O pronouns.org acaba por ser o único site oficial desta campanha, embora não tenha um local/organização central. Pretende-se que seja um dia celebrado em todo o mundo, pelas pessoas e coletivos de cada local.
Em Portugal, vi posts relacionados com este dia apenas nas páginas do insta da ILGA e da heforsheflup. (Nem no insta do Arquivo Sáfico pus 🫥, já passa da meia noite e embora no blog dê para ajustar a data no insta já não dá...).
Viram referências a este dia em mais alguma página? Partilhem nos comentários! 🙏
Achei uma ótima iniciativa a criação deste dia e espero que se venha a tornar mais conhecido.

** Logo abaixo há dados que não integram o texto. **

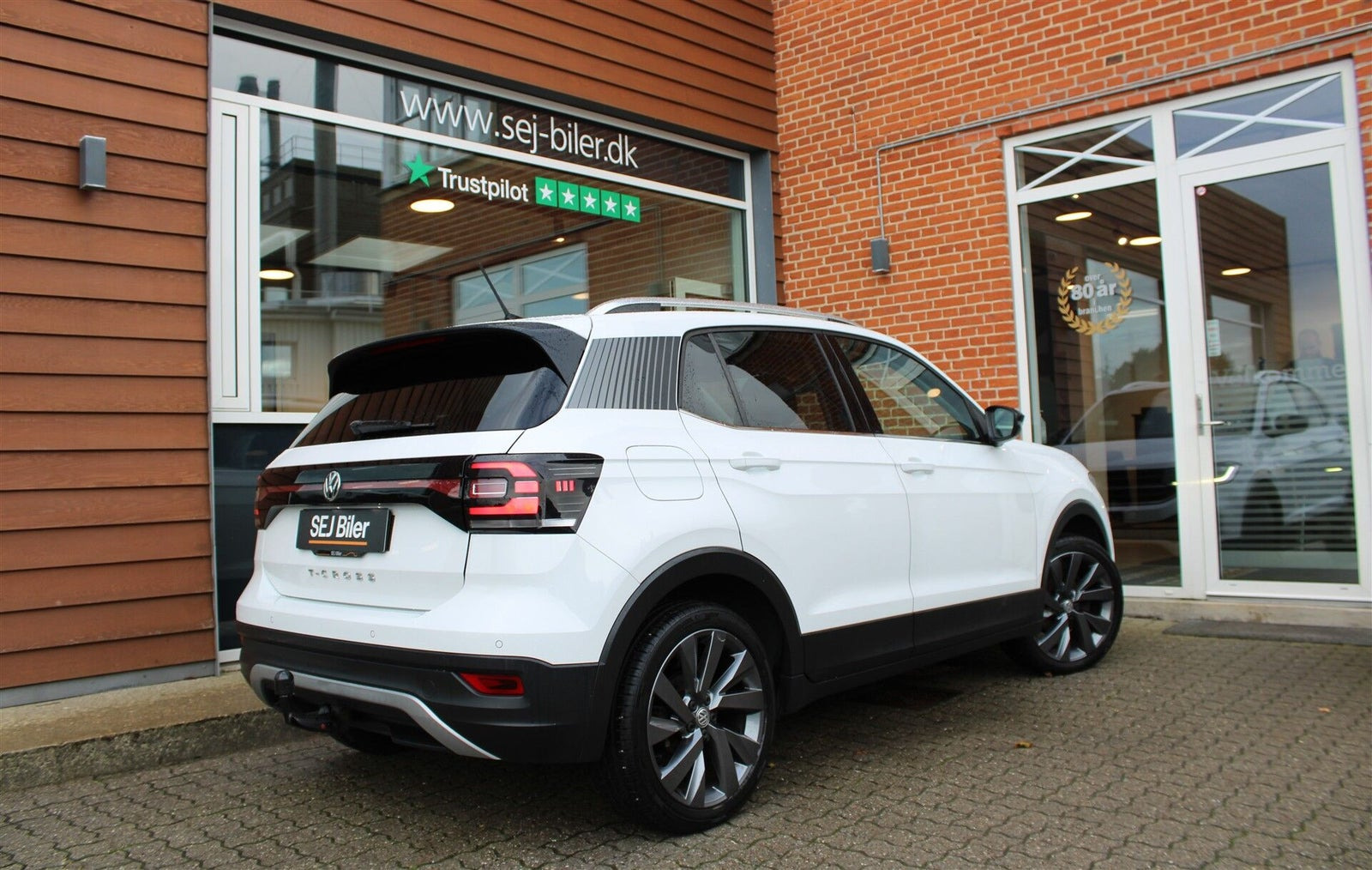 Hvid VW T-Cross fra 2019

No entanto, eu própria tenho uma relação um pouco dúbia com esta história dos pronomes. Por um lado, acho importante normalizarmos e compreendermos que existem pessoas que usam pronomes diferentes dos que lhes foram atribuídos à nascença, que usam pronomes para além de ela/ela, que existem pessoas que usam vários pronomes e pessoas que preferem não usar nenhum e serem referidas apenas pelo nome, não havendo problema em perguntar e sabendo que devemos sempre respeitar os pronomes que cada pessoa indique como seus.
Por outro lado, odeio que me perguntem pelos meus pronomes (por vezes sou uma pessoa algo contraditória, sim). Sinto que me obriga a escolher. E nem todas as pessoas estão confortáveis em fazer essa escolha. Para mim sempre foi muito triggering esta pergunta. Por um lado, sim uso pronomes femininos. Foram os pronomes que me deram quando nasci, nunca senti qualquer disforia com os mesmos mas também nunca me quis limitar apenas a tal. E sinto que quando me obrigam a responder a esta questão, se disser só pronomes femininos vou estar a negar parte de mim, se disser femininos e neutros vou ter de explicar coisas que não quero explicar. Que são muito pessoais e posso não estar num local ou num mood em que o queira fazer.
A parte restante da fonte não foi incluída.